Salvini flirta coi fascisti del terzo millennio e coi primi campieri che si trova a portata di mano. Vuole togliere l’assistenza medica agli immigrati e si commuove per le dichiarazioni di due cialtroni come Dolce e Gabbana in difesa della famiglia tradizionale. Manda un suo tirapiedi a giocare alla guerra in Libia e difende la cristianità dei bovari… La politica, quella di certi individui, non cambia mai. Fortunatamente c’è chi ancora li accoglie saltandogli sul cofano delle auto.

Volevo chiederti del Teatro Coppola che vedo e sento lì forte e resistente. Dunque la sua è una buona salute? E in generale come valuti l’attuale condizione degli altri teatri occupati, dopo una prima stagione di grande partecipazione?
La stagione dei Teatri occupati è, probabilmente, finita. Sarebbe bello pensare di essere alle porte di una stagione diversa, quella della consapevolezza e dell’urgenza: una stagione in cui le riappropriazioni dei beni pubblici dal basso comincino a raccontare che bisogna strappare spazio vitale al potere e riempirlo di bisogni e condivisione, laboratorio sottratto alla schiavitù del lavoro salariato. Una stagione in cui, più che riprendersi uno spazio architettonico, si navighi verso l’ignoto. A questo serve ancora il Teatro Coppola.

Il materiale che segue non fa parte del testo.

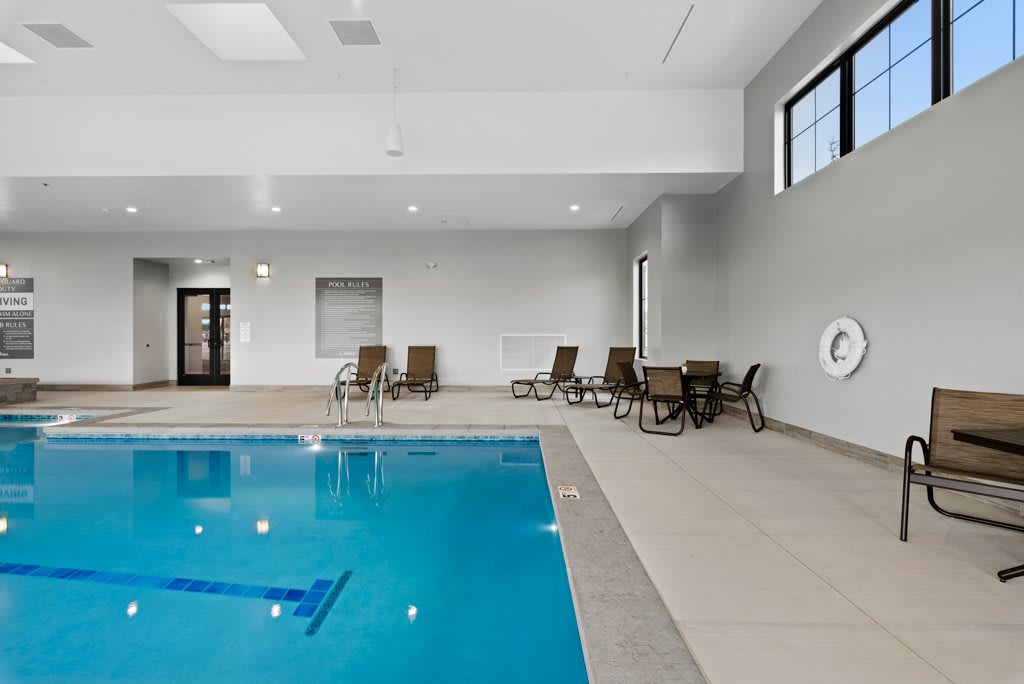 An indoor swimming pool area with seating and windows.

E invece l’Arsenale? Non doveva essere il collante di tutto? Che fine ha fatto?
L’Arsenale è rientrato nelle isole che voleva forzare, anche se senza l’Arsenale non ci sarebbero state quattro occupazioni di Teatri in Sicilia.

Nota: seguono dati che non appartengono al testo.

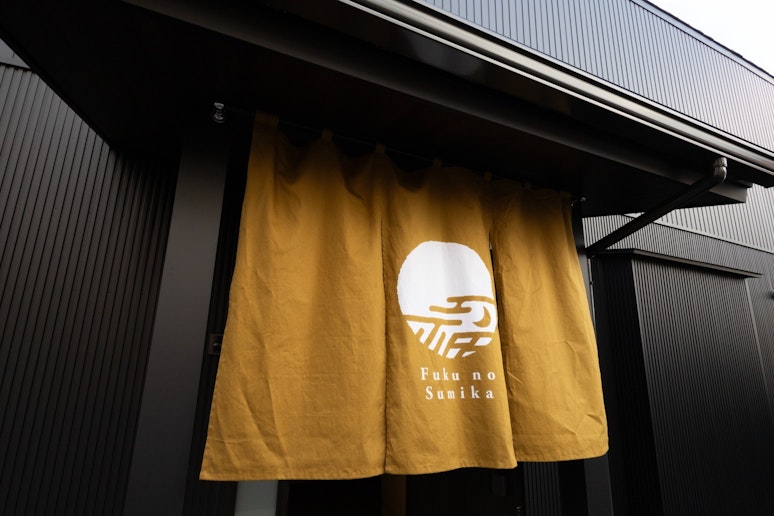 宿泊者用玄関は建物右側中央になります。駐車場も完備しています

Hai dato il ben servito alla SIAE decidendo di gestire da solo i diritti delle tue canzoni. Ma la musica per te è ancora un lavoro? Una “professione”?
Il lavoro, per come siamo abituati a subirlo, mi fa schifo e alla professione preferisco il mestiere, la conoscenza dell’artigiano, lo studio dei materiali e degli strumenti, imparare dal legno che stai lavorando: la gioia nella creazione di un manufatto. Prova a chiedere a un operaio o a un trentenne impiegato in un call center quale gioia passa dalle loro mani. Il lavoro è una menzogna inventata dai padroni, come i diritti d’autore sono l’alibi per mantenere i privilegi di pochi pretendendo di esercitare tutela.

Ma quando sei felice? Cioè, qual è la cosa che ti rende sereno nonostante tutto?
Che sono libero dall’ossessione di ottenere a tutti i costi qualcosa dall’esercizio della mia arte.